_Exercise instructions_. Across the records below, how many lines include the word "Black"? State only the number.

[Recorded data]
────
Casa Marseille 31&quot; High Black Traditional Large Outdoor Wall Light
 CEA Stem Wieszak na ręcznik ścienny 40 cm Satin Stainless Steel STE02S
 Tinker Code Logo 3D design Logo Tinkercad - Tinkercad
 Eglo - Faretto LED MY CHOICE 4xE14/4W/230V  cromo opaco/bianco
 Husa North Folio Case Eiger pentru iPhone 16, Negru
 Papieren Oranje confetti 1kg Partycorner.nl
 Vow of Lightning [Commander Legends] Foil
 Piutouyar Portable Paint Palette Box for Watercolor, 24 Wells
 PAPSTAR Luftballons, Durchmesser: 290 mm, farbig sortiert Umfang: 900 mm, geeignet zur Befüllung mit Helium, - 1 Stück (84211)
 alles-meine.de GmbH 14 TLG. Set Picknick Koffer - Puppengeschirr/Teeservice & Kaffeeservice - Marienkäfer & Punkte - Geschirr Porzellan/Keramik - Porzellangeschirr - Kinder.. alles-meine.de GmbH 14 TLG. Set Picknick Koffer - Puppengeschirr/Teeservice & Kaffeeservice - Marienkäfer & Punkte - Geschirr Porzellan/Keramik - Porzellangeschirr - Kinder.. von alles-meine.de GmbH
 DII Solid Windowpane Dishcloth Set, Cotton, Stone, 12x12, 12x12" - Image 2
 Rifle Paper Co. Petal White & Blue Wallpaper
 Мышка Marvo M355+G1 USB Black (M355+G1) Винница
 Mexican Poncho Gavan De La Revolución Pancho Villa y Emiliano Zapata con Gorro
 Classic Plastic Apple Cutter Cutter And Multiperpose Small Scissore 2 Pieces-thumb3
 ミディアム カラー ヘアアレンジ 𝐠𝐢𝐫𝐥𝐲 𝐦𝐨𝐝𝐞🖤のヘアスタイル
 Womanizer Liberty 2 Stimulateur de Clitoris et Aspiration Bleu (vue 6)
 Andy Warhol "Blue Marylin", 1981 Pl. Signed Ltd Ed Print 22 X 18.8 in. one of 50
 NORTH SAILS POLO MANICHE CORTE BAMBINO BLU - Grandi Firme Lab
────
_Reply to the task_. 2